The generic localize_index_array subroutine has the following forms:
type(index_map) :: range
call range%localize_index_array(index [,stat])
index is a distributed indirect indexing array that takes values in the
range global index set. The array may be rank-1 or rank-2. Each process
“localizes” its intent(inout) index array by replacing its global
index values with their corresponding local index values with respect to
range. When off-process global index values are encountered, which have
no automatic corresponding local index as do on-process global indices, they
are added as additional off-process indices to range if not already
included as such. Thus range may be modified by this subroutine. An
index value of 0 is treated specially and not modified by this
subroutine. Otherwise all index values must belong to the interval
[1, range%global_size]. It is currently not possible to add new
off-process indices to an index_map object that already includes some.

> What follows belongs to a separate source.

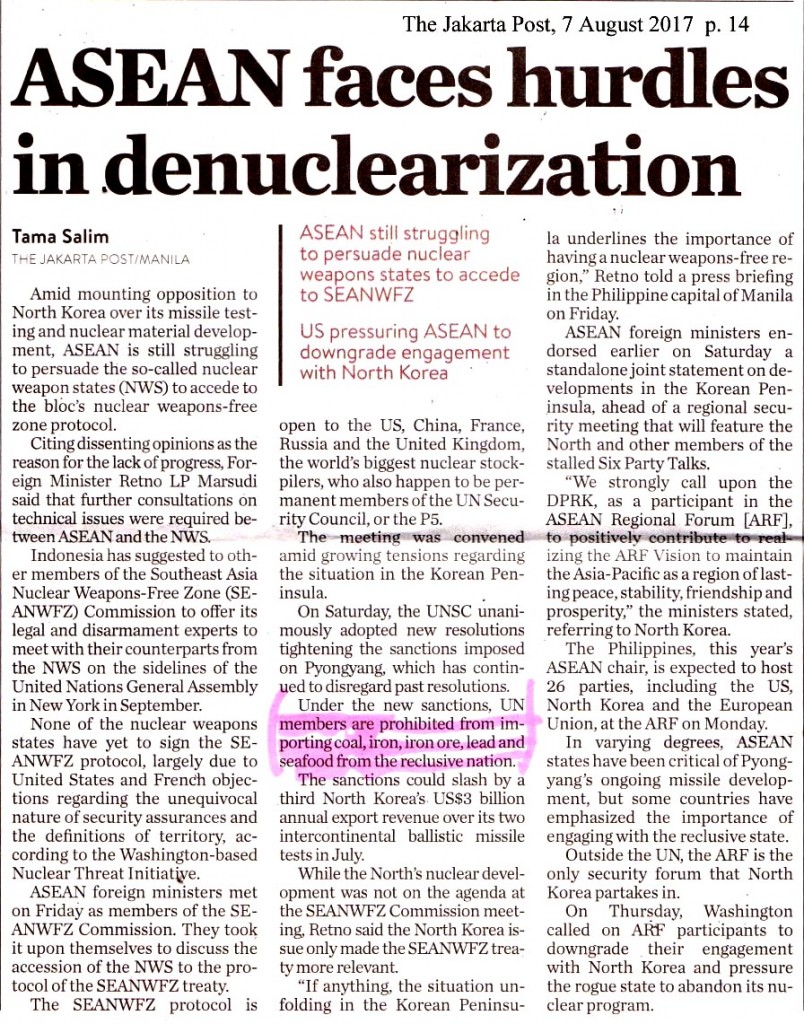 ASEAN faces hurdles in denuclearization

Thus if range includes off-process indices before calling this
subroutine and it is found that additional off-process indices need to be
added in order to satisfy the values of index, this will result in an
error. If the optional integer stat argument is present, it will return
0 on success and a nonzero value for this unsupported case; otherwise the
program will abort with an error message.
type(index_map) :: domain
call domain%localize_index_array(g_index, range, l_index [,stat])
range is an index_map type object and g_index is a serial
indirect indexing array indexed by global indices from the domain global
index set and taking values in the range global index set. The array may
be rank-1 or rank-2. In the latter case it is the last dimension that is
indexed by domain and the section g_index(:,j) is an array of
range global indices associated with domain global index j.

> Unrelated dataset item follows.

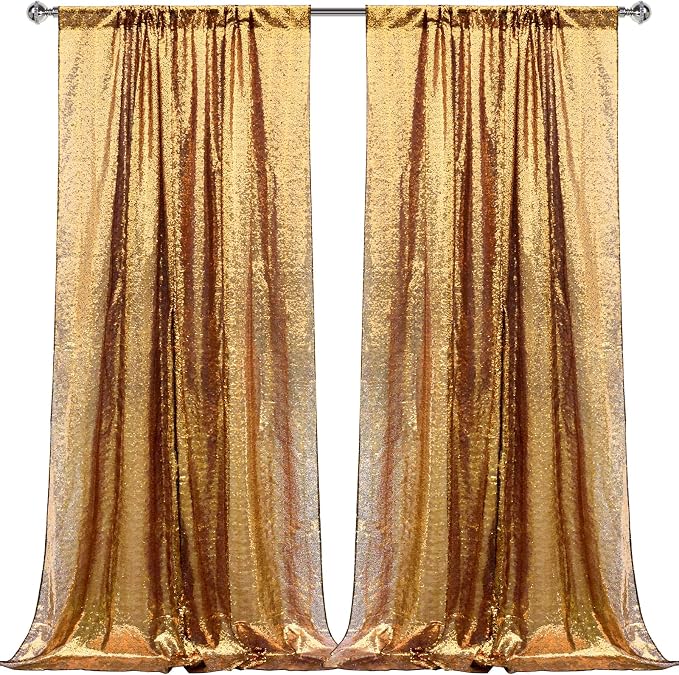 2×8FT-2PCS Black Gold Sequin Backdrop Curtains Panels, Photography Backdrop - Image 8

g_index is only referenced on the root process of domain, where its
extent in the last dimension must be at least domain%global_size (any
additional elements are ignored); on other processes a 0-sized array can be
passed. l_index is an allocatable intent(out) array. Its rank must
be the same as g_index. In the first step each process allocates
l_index to its proper shape: the same extents as g_index in all but
the last dimension, and extent domain%local_size in the last dimension.
g_index is then distributed to l_index according to domain,
including any off-process elements that domain may include. The last step
is to localize l_array by calling the previous form of
localize_index_array. As a result, this subroutine may modify range,
and the same limitation on pre-existing off-process indices noted for the
previous form applies here.
NB: It is possible for an indirect indexing array to have the same global
index set for both its domain and range. In such a case domain and
range are aliased arguments, one intent(in) and the other
intent(inout). This should not be a source of error, however, because in
the first step range is not referenced, and in the last step domain
is not referenced.
type(index_map) :: domain
call domain%localize_index_array(g_count, g_index, range, l_count, l_index [,stat])
This version handles the case of a ragged indirect indexing array that is
represented by a pair of rank-1 integer arrays. In the pair
(g_count, g_index) g_count is indexed by the domain global
index set and g_index takes values in the range global index set.
The first g_count(1) elements of g_index are associated with
domain global index 1, the next g_count(2) elements with global
index 2, and so forth. If all values of g_count were equal to n,
say, then the indexing array could be more easily represented by a single
rank-2 indexing array whose first dimension had extent equal to n. A
similar description hold for the output localized pair (l_count,
l_index) which is indexed by the domain local index set and takes
values in the range local index set. Apart from the difference in
representation of the indirect indexing arrays, this subroutine operates in
exactly the same way as the preceding form.